The tumult experienced by semiconductor companies over the past year has intensified pressure to bolster domestic capacity in both the US and China. A surge in pandemic-related demand coupled with a crippling supply crunch for the automotive industry showed just how precarious the complex global chip supply chain is. With semiconductors an ever-more critical part of the global economy, this has only intensified the battle for technological supremacy between the world’s two largest economies.
“Now, policymakers are much more concerned with [those] global dependencies,” says Will Hunt, a research analyst at Georgetown’s Center for Security and Emerging Technology (CSET). “That’s being viewed as this real vulnerability in our supply chain because if we [the US] lost access to those chips that would be hugely disruptive.”
Currently, the US leads on high-end technology but, because of high domestic costs, most companies outsource chip production to other countries. Taiwan-based TSMC dominates the market for foundries, manufacturing the designs produced by many fab-less US producers. It controls a particularly large share of the production of high-end chips, making up more than 90% of the production of capacity for the smallest logic wafers (technology used for information processing) in 2019, according to SIA.
High-end chips are used in the most advanced technologies such as AI and machine learning as they combine strong performance and lower power consumption. The dependency on other regions of the world for the manufacturing of these chips leaves US companies much more vulnerable to supply-side disruption from events such as natural disasters, but also from mounting geopolitical tensions. So, while it is the shortages in automotive that are making the headlines, the dependency on Taiwan for high-end chips is the real concern for US producers, says Hunt.
“The automotive chips are generally a lot simpler to make — in a pinch, you could ramp up capacity within the United States or within an allied country,” he says. “The more urgent motivation should be this high-end logic chip dependence on Taiwan, these chips that you really can’t make anywhere else.”
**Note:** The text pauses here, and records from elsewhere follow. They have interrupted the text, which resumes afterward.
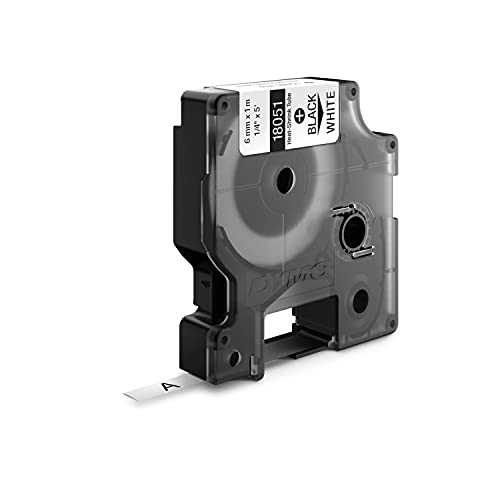 Image of DYMO Rhino Industrial Heat-Shrink Labels, 1 /4 inch Tube, Black Print on White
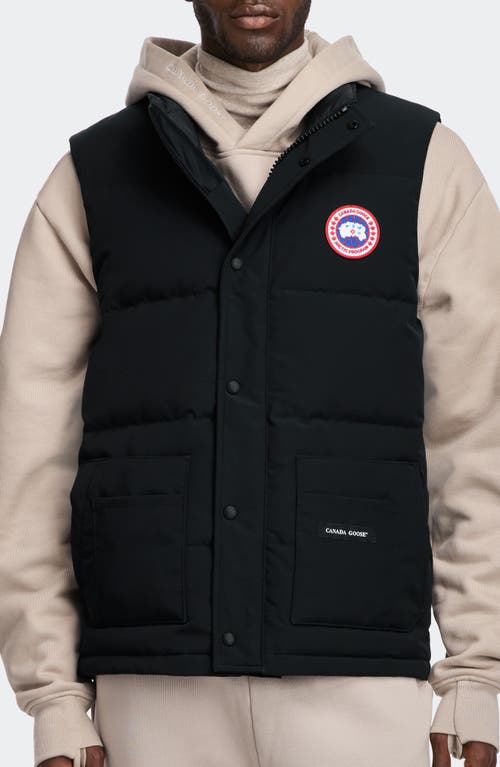 Canada Goose Freestyle Water Repellent 625 Fill Power Down Vest In Black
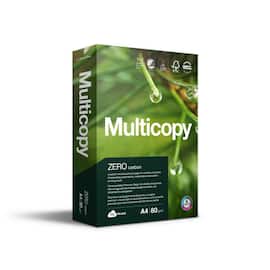 Multicopy Kopieringspapper Zero A4 80g hålat produktfoto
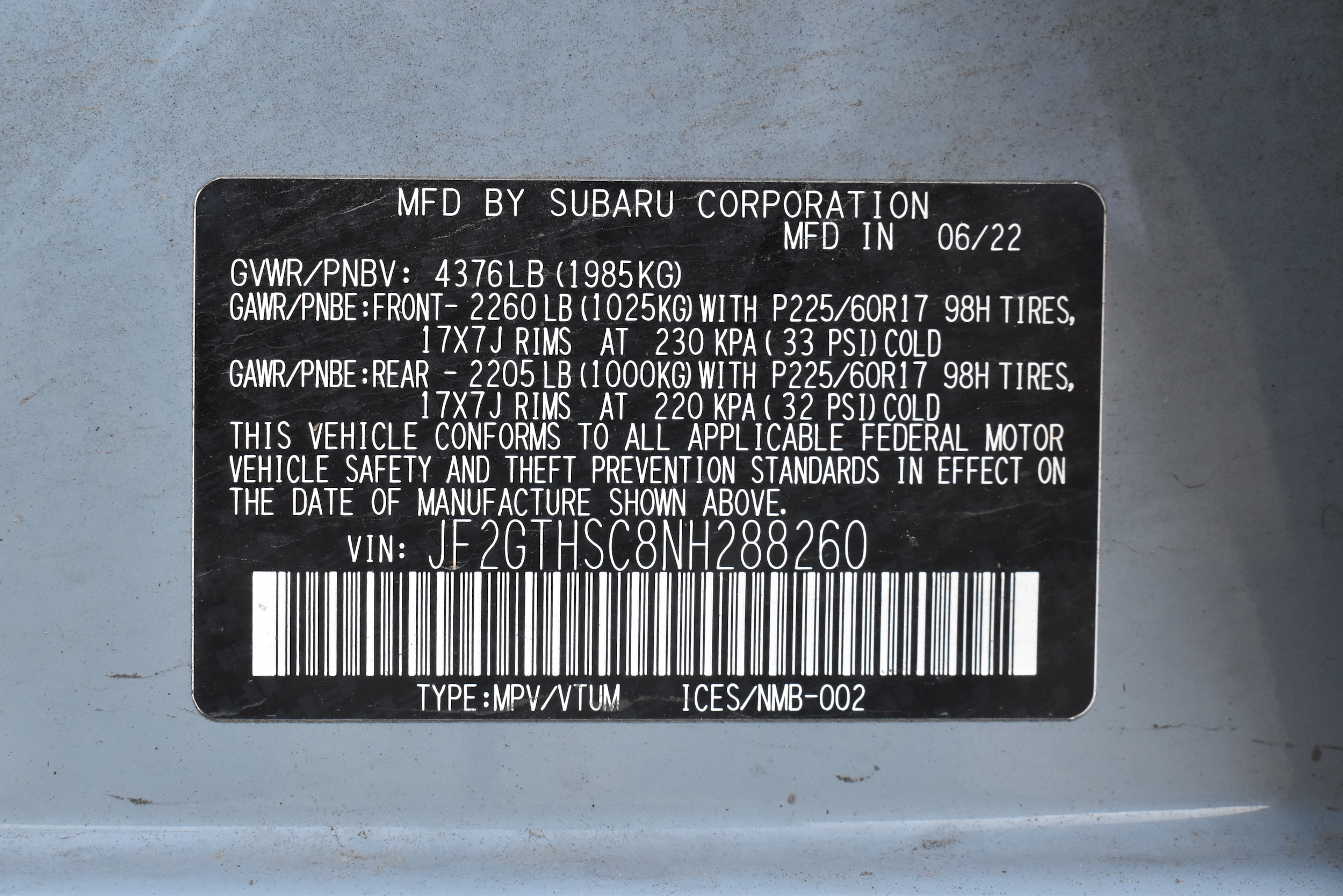 Used 2022 Subaru Crosstrek Sport with VIN JF2GTHSC8NH288260 for sale in Yreka, CA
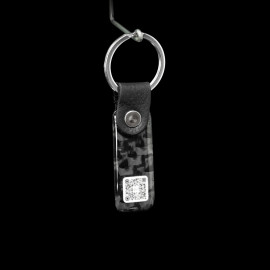 24h Le Mans Keyring Leather and Carbon QR Code KIU_002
Companies and government officials are waking up to this risk and have started to take action. The US Congress passed a landmark bipartisan measure — the CHIPS for America Act — last year to bolster domestic manufacturing capacity by providing grants for chip fabrication, testing and design. This is already shaping the production decisions made by US companies, with semiconductor behemoth Intel announcing a $20bn expansion in Arizona in March.
Geopolitical forces will certainly shape supply chains over the coming years, but given the vast investment demands and long lead times it is too early to tell how they will play out, says Michael Yang, research director at technology analytics and consultancy company Omdia.
“The element of geopolitical issues baked into the industry creates additional risks and opportunities for a lot of people,” he says. “This definitely makes for an interesting race in the next decade to see all the companies competing on technology and capability, but many things will dictate success and failure and at this point how do you predict that?”
Indeed, China has already spent astronomical figures on growing its domestic semiconductor industry, increasing the five-year investment target for the sector 40-fold in 2014 to around $19bn. Despite these “unprecedented” levels of spending, it has still struggled to break the US hold on high-end chip production, says CSET’s Hunt.
“At the lower end, China’s becoming this juggernaut that is investing a huge amount of money and that is bound to affect supply chains,” he says. “But at the higher end, which is more concerning from a national security perspective, you’re going to see relatively less movement.”
Both the US and China will struggle to dominate global semiconductor supply chains because of the complexity of the market. There are over 20 major semiconductor product categories and as many as 300 separate inputs, each requiring expensive technical equipment and vast amounts of R&D to stay at the frontier. Currently, the US only controls over 50 per cent of sales in two areas of the market — IP/electronic design automation and fab-less capacity — with China boasting a significantly smaller share of any part of the market, according to analysis from McKinsey.
Achieving self-sufficiency in any region of the world will require an astronomical upfront investment, in the region of $350bn to $420bn for the US, according to estimates from the SIA. The “staggering cost and questionable execution” of pursuing self-sufficiency means that it is ill-advised, according to a SIA report, ramping up semiconductor prices between 35% and 65%.
But there is a clear case for these global superpowers to pursue leadership, if not dominance, in the semiconductor industry. Chips are a critical linchpin in the growing digital economy and so possessing the most cutting-edge technology will have knock-on benefits for the adoption and development of many other emerging technologies.
“Semiconductor industry leadership is a tremendous economic and strategic asset that drives progress in AI and other critical technologies,” states a CSET white paper. “The United States leads the world in many parts of the semiconductor supply
chain [but] continued leadership is not assured.”
China is doubling down on its domestic semiconductor industry as a means of obtaining technological supremacy. While the US still leads on technology and R&D, much of its manufacturing has been outsourced to Asia due to cost pressures, which has allowed China to capture more of the production side of the market.
In the coming years, US companies cannot afford to be complacent about competition from China, writes Christopher Thomas.
“Vibrant, advanced, and innovative Chinese companies are increasingly determined to forge a new semiconductor ecosystem centred on China,” he says. “The repercussions of this shift in mindset will reverberate far longer than any short-term benefits derived from using access to semiconductors as a negotiating lever in the larger context of US-Chinese relations.”